Okay so I have a few items I’d like to discuss with all of you in the blog world. So I have a limited dating scheme in Erie…so, as I have mentioned before, I try really put myself out there for dating. This includes phone calls, getting enough nerve to ask out guys…and unfortunately they usually don’t pan out well. This is fine and all because I can at least say that I have put my best foot forward and gave it a try. But, also with that I sometimes feel like colossal ass for what seems like cycle I put myself though. So I admit I’m a little tender when potential dates don’t pan out. What I have found that if I am left alone for a bit I get over it and then I’m back in the game…no biggie right. WRONG…I am beginning to realize that I am stuck in this terrible cycle of seeing the people that I ask out or make efforts to ask out, around town and we always end up seeing each other. It is uncanny how many times I’ve run into people that I’ve hit on in the past. That is the case that occurred last night…
I posted awhile ago about HCG (I put the link below for you to read up on it).
http://sammy25.wordpress.com/2008/05/08/he-talked-about-his-testicles/
Well last night I went out with a bunch of girls that I know and Lauren. We went to a place where the martinis are cold and expensive, the music is good, and the gays are good looking. (It isn’t a gay bar though…but I think it must be a requisite for one to work there you must be gay…and really good looking). I walk in and there are 6 of us at the bar being charming and having good conversation when I look over my right shoulder and see a really good looking guy, we kinda make eye contact (bad idea). I see him lean over to one of his friends and whisper something. I don’t give it much thought and begin my martini. I glance over at him occasionally, nothing big when I suddenly realize that the guy is the HCG whom I had met for coffee one night, thought things were going well, then the next day he was in a relationship…..hhhhhhhhmmmmmmm….I am thinking the same thing folks.
All I can think is I just want to remain in some type of anonymity because I had hit on him and obviously it didn’t work out and I suspect he was their with his boyfriend. Is anonymity to much to ask…apparently yes it is. It is one thing for me to make a fool out of myself but as God as my witness I refuse to be the topic of conversation between said hit on guy and his boyfriend. What do I do…I down my martini and attempt to melt into the bar. No, I didn’t go over and confront him. To make matters worse I know the bartender and he always says my name pretty loudly, so it’s like I’m being announced over a PA system and other than HCG and his posse we are the only ones there, so it wasn’t like I could disappear somewhere.

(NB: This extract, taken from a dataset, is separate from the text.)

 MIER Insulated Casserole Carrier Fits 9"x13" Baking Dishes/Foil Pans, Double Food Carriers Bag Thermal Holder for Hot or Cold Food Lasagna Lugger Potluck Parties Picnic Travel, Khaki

God if you read blogs, listen to me…no more….I say no more of this seeing guys I’ve foolishly hit on at bars…I always look like desperate heehaw when this happens and I need a smidge of a break from it….thanks!
On a happier note…we have a new UPS guy delivering at work….and is he oh so good looking. Short, with short black hair, built nicely, tan, with a thumb ring, and those little UPS shorts that just make life a little bit nicer.
I have been in similar situations buddy. Try to worry. This moment too shall pass. Have you a camera on your phone? Try and get a pic of this UPS man? I love those sexy UPS guys!
@rocach thxs! I hope it passes soon…LOL. I will definately keep my camera phone handy to see what pics I can come up with for you
Yes please. I second the vote for photographic evidence!